I believe in choice. I will celebrate the day when Windows users can actually choose Windows instead of just being stuck with it. I will celebrate when you can go into Best Buy and see Linux preinstalled computers there to try out, and the sales staff will be able to talk intelligently about the differences between Windows and Linux. I will celebrate Dell recommending something on its website other than the latest version of Windows. I will celebrate TV advertisements explaining the advantages of using Linux. I don’t want all the masses using Linux. I just want them to be able to buy a Linux computer and use it right away without having to worry about hardware compatibility and burning .iso files correctly.

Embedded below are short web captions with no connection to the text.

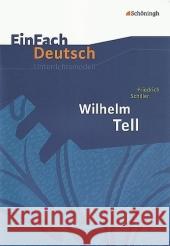 Friedrich Schiller 'Wilhelm Tell' : Klasse 8-10 Schiller, Friedrich von Schumacher, Günter Vorrath, Klaus 9783140223010 Schöningh im Westermann - książka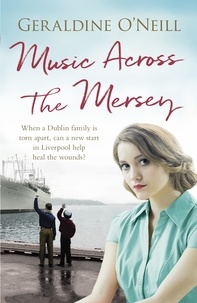 Geraldine O'Neill - Music Across the Mersey.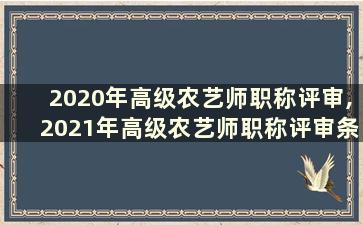 2020年高级农艺师职称评审,2021年高级农艺师职称评审条件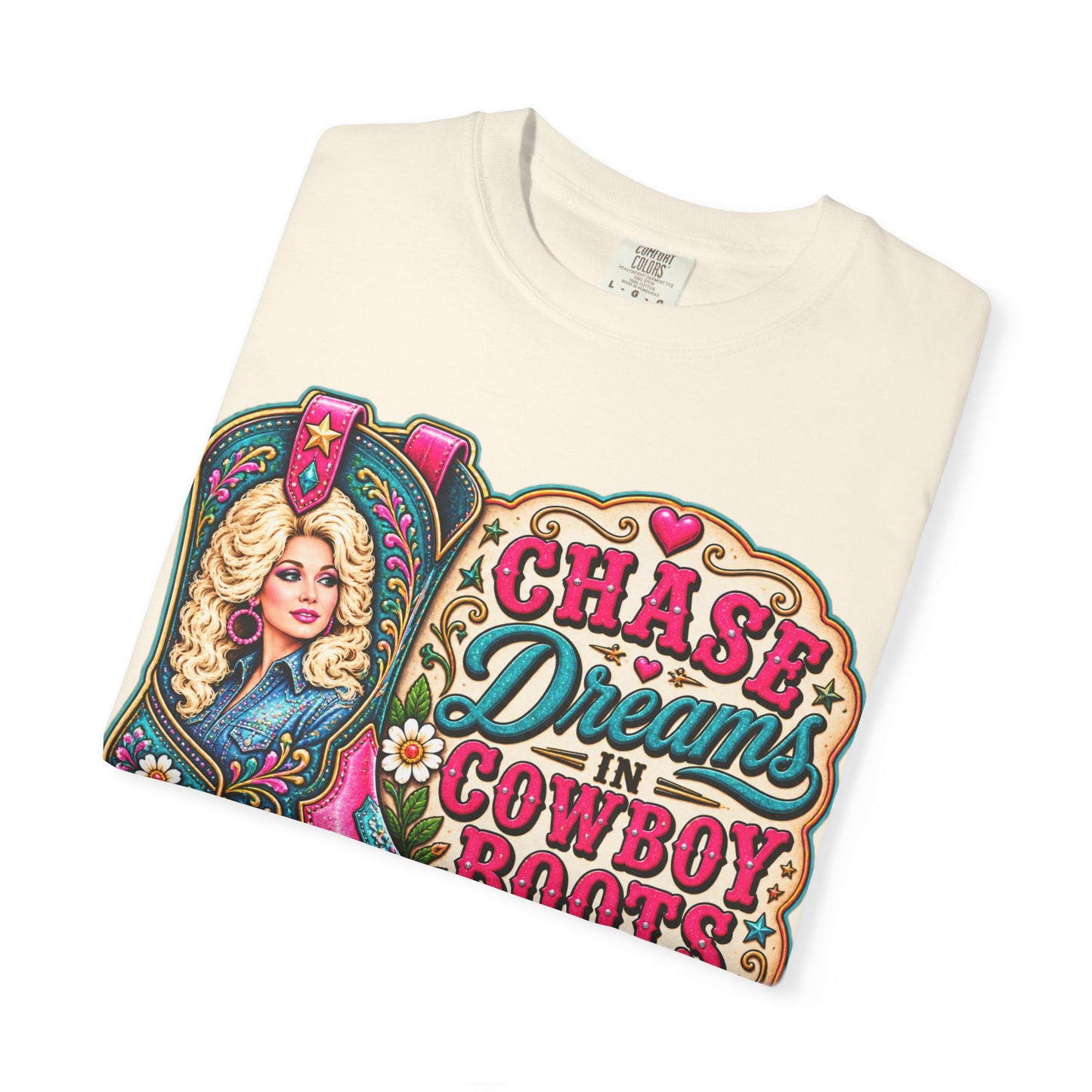 Chase Dreams in Cowboy Boots T-Shirt
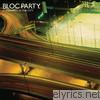 Bloc Party - A Weekend In the City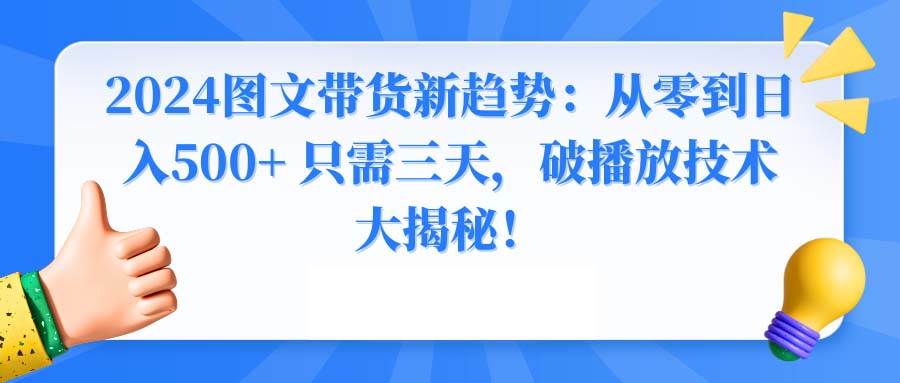 2024图文带货新趋势：从零到日入500+ 只需三天，破播放技术大揭秘！汇创项目库-网创项目资源站-副业项目-创业项目-搞钱项目汇创项目库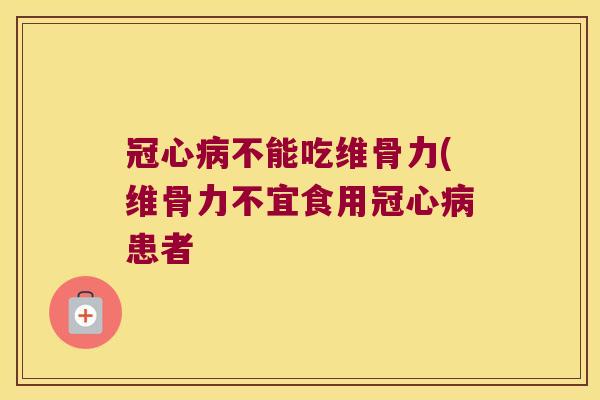 冠心病不能吃维骨力(维骨力不宜食用冠心病患者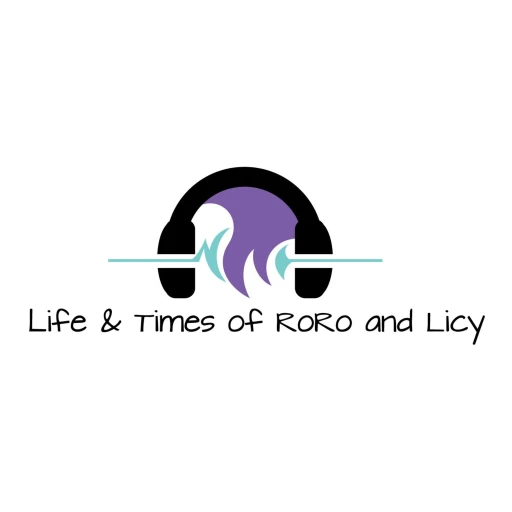 Life and Times of Ro Ro & Licy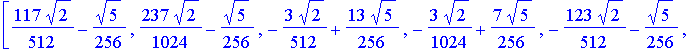 W8 := matrix([[49/512*2^(1/2)+3/256*5^(1/2), 89/1024*2^(1/2)+3/256*5^(1/2), 9/512*2^(1/2)+1/256*5^(1/2), 9/1024*2^(1/2)-1/256*5^(1/2), -31/512*2^(1/2)+3/256*5^(1/2), -71/1024*2^(1/2)+3/256*5^(1/2), 9/5...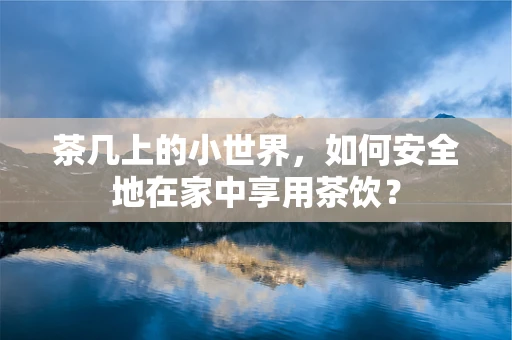 茶几上的小世界，如何安全地在家中享用茶饮？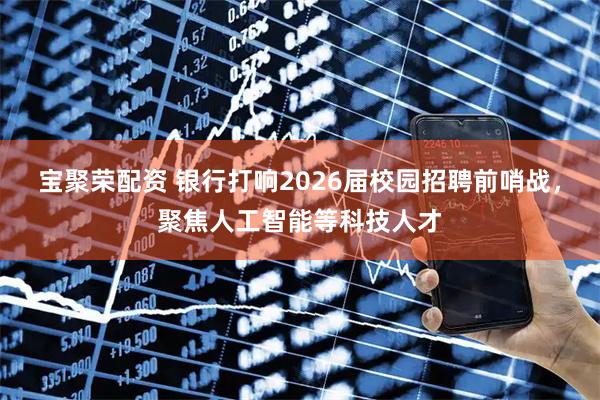宝聚荣配资 银行打响2026届校园招聘前哨战，聚焦人工智能等科技人才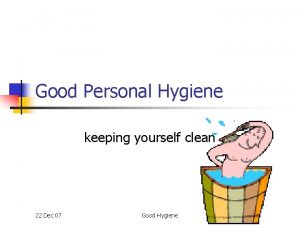 Important of personal hygiene
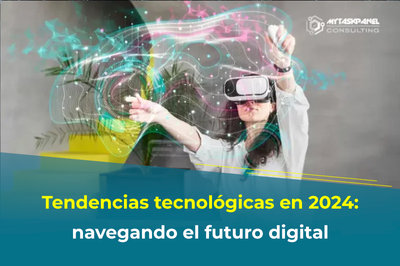Tendencias tecnolgicas en 2024: navegando el futuro digital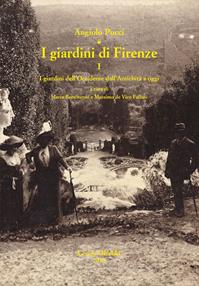 I giardini di Firenze. Ediz. illustrata. Vol. 1: giardini dell'Occidente dall'antichità a oggi. Un quadro generale di riferimento, I. - Angiolo Pucci - Libro Olschki 2015, Giardini e paesaggio | Libraccio.it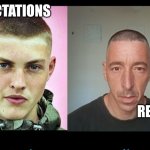 expectations vs reality | EXPECTATIONS; REALITY | image tagged in buzz cut | made w/ Imgflip meme maker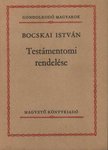 Bocskai István - Bocskai István Testámentomi rendelése [antikvár]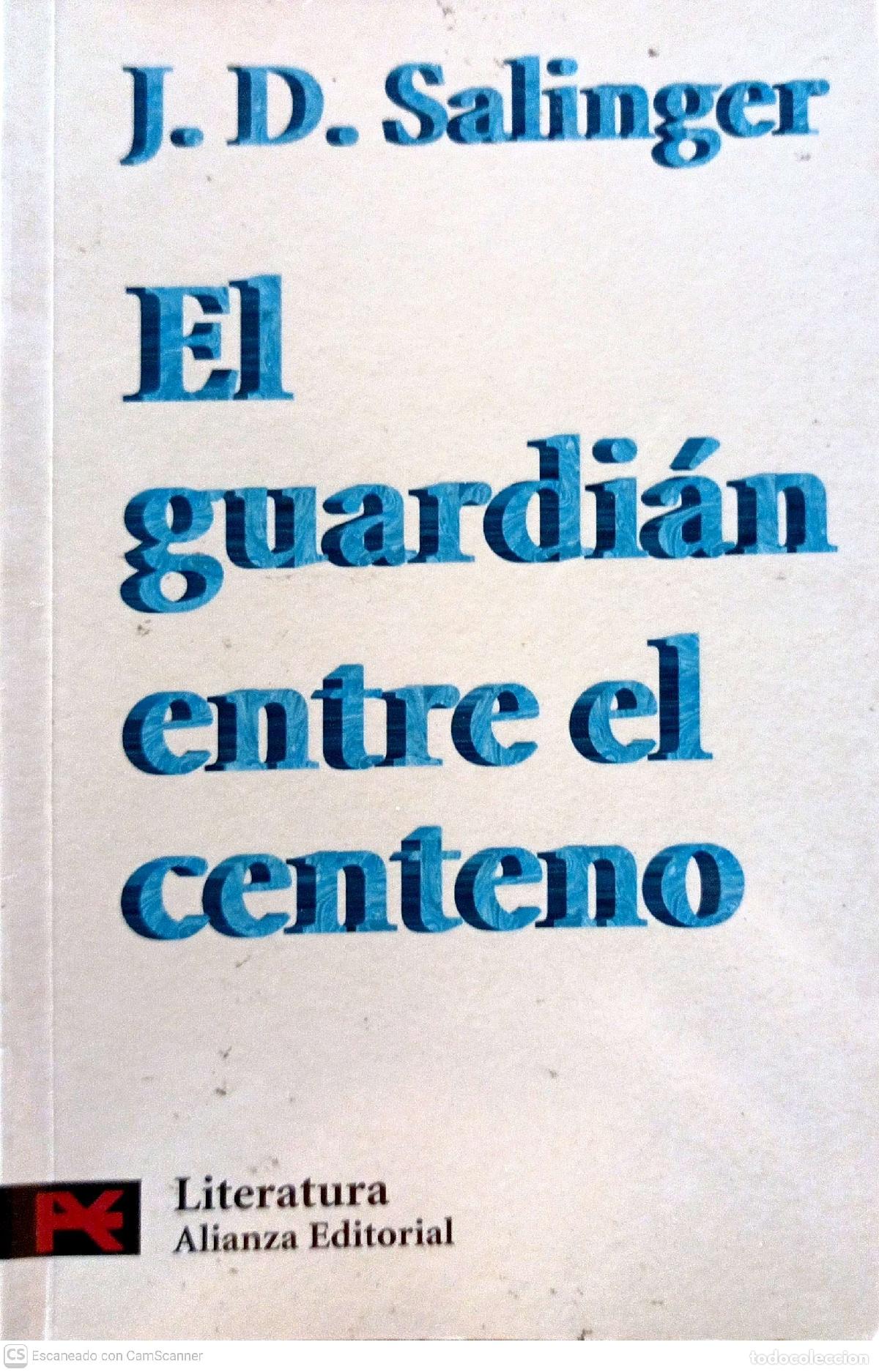 Libros: El guardi&aacute;n entre el centeno - J.D. Salinger - Foto 1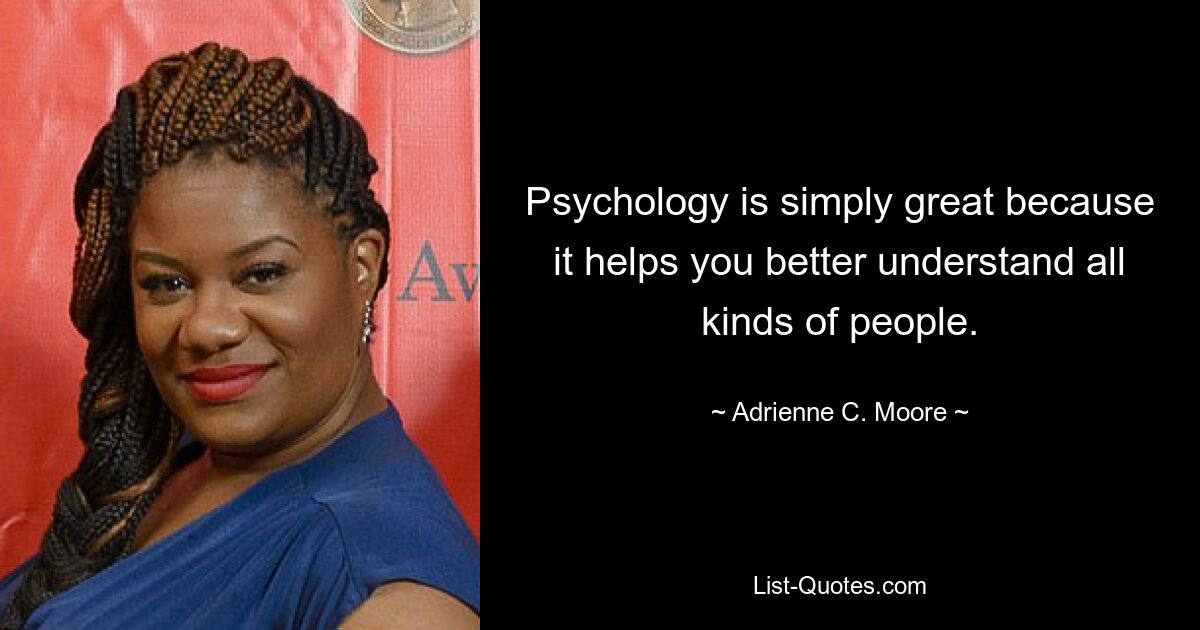 Psychology is simply great because it helps you better understand all kinds of people. — © Adrienne C. Moore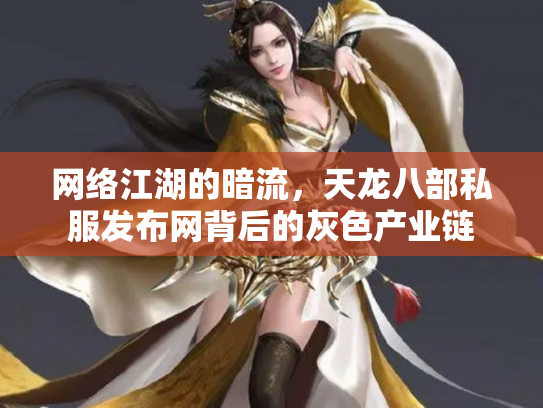 网络江湖的暗流，天龙八部私服发布网背后的灰色产业链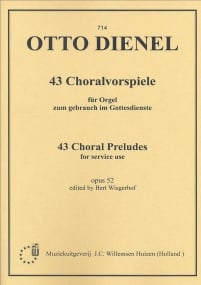 Dienel: 43 Choral Preludes for Organ published by Willemsen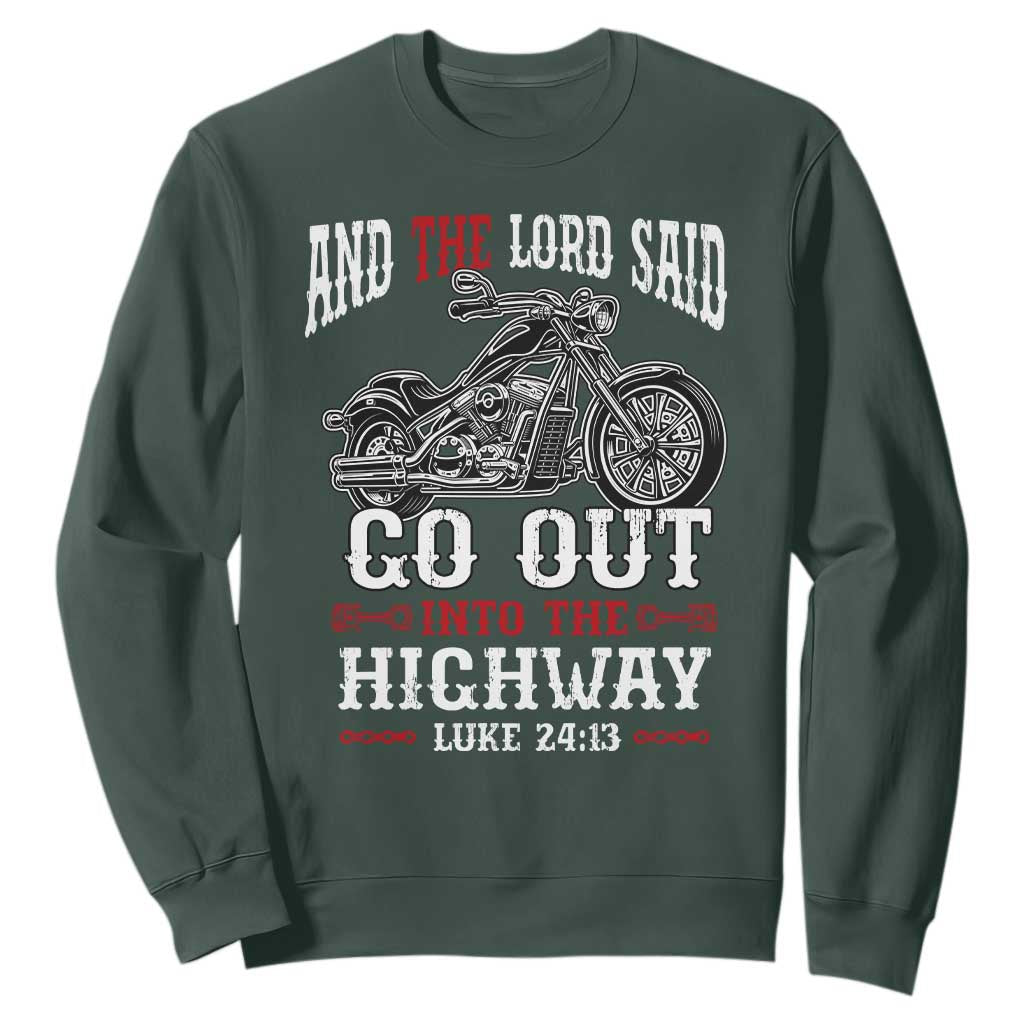 Christian Biker Sweatshirt Lord Said Go Out Into Highways Faith Motorcycle TS02 Dark Forest Green Print Your Wear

9 Responses to “Linux-for-the-masses narratives”

  1. themcp Says:

    i will be satisfied when phone support monkey for my internet provider doesn’t blow me off immediately when i mention i’m using linux. that’s all i really want!

  2. lucky Says:

    this is ridiculous. but one thing should happen if linux has to reach masses…all linux distribution developers sit down and decide one linux distro to develop in open source manner and that becomes the defacto standard for people to use.. ubuntu is in its way to that point…

  3. ubuntucat Says:

    all linux distribution developers sit down and decide one linux distro to develop in open source manner and that becomes the defacto standard for people to use

    I don’t think that’ll ever happen.

    The only way one distro will become the de facto standard is through “winning” healthy competition. It won’t prevent others from developing other distros, but it will give incentive to third-parties to package specifically for the “winning” distro, and it will also behoove the other distros to base their future releases off the “winning” distro.

  4. Steve Says:

    Hi,

    I saw this today:

    http://www.thevarguy.com/2008/10/13/dell-launches-consumer-advertising-for-ubuntu-linux-pcs/

    That’s quite a coup.

  5. Adam Says:

    I was at “The Source by Circuit City” (ie what we used to call Radio Shack in Canada). Not only did they want to show off their EEE PCs with Xandros but they had a new Acer desktop set up with Ubuntu. They did the install themselves just to show that it worked with the hardware. They we happy to point it out to anyone who was shopping for a PC and used it as an educational wedge. I told them “good for you, keep at it”.

  6. Jeffrey Says:

    “I will celebrate when you can go into Best Buy and see Linux preinstalled computers there to try out, and the sales staff will be able to talk intelligently about the differences between Windows and Linux.”

    I just saw an ad in the Sunday paper of Best Buy for an EeePC 900A. It even said in bold “Linux operating system”, the first time I’ve ever seen those words in a Best Buy ad. The 900A is the same as the 900 but instead of a 20GB SSD it has a 4GB SSD and it’s $330. I was surprised to see it there (they also had the EeePC 1000H which is WinXP with a 120GB hard drive). I didn’t have a chance to drop by Best Buy to see if it had the EeePC on demo but I’m going to do that soon. At least Best Buy is starting to sell the EeePC.

  7. 42gems Says:

    the probabability of #2 happening is exteremely unlikely. so unlikely as to be considered improbable. and if it did happen, i wouldn’t be using linux anymore.

  8. meganox Says:

    “one thing should happen if linux has to reach masses…all linux distribution developers sit down and decide one linux distro to develop in open source manner and that becomes the defacto standard for people to use.. ubuntu is in its way to that point…”

    This is so wrong. Linux is strong because any distro is free to use and adapt anything created for another. It may be difficult for new users to find the right distribution, but taking away their freedom to choose is not an answer. If one distro rises to the top of the pile, then all well and good, but there’s no need to abandon all the others.

    Linux happens by evolution. Proprietary OSes happen by “intelligent design”. Evolution will win every time. Trying to create the “one true distro” is about as productive as trying to create a master-race by eugenics.

  9. LinuxGeek Says:

    We are getting closer to Narrative 3 with Ubuntu. Mint (based off Ubuntu) and Ubuntu are the 2 top distros on Distrowatch.